Problem
Take the listing below and write it out again exactly, skipping any picture that it holds.
*** Given information ***
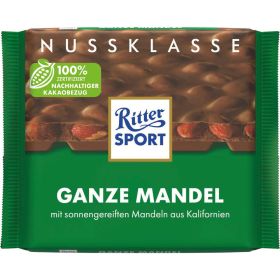 Link zu  Tafelschokolade Nussklasse, Ganze Mandeln
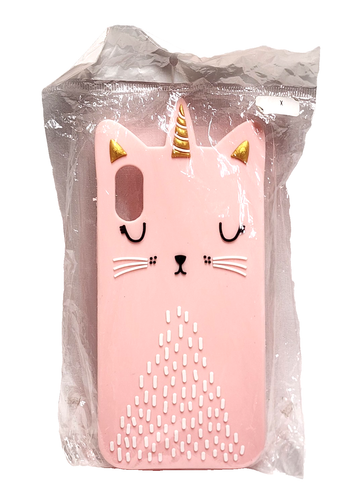 Neu iPhone X/XS 5,8" Hülle süß rosa & gold Einhorn Katze Katze weich Silikon weiß - Bild 18 von 20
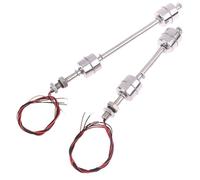 Interruttore a galleggiante a doppia sfera in acciaio inossidabile, regolatore del livello dell'acqua, sensore di flusso del liquido(100MM)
*** End of Given information ***
Answer to the problem
 Link zu  Tafelschokolade Nussklasse, Ganze Mandeln
 Neu iPhone X/XS 5,8" Hülle süß rosa & gold Einhorn Katze Katze weich Silikon weiß - Bild 18 von 20
 Interruttore a galleggiante a doppia sfera in acciaio inossidabile, regolatore del livello dell'acqua, sensore di flusso del liquido(100MM)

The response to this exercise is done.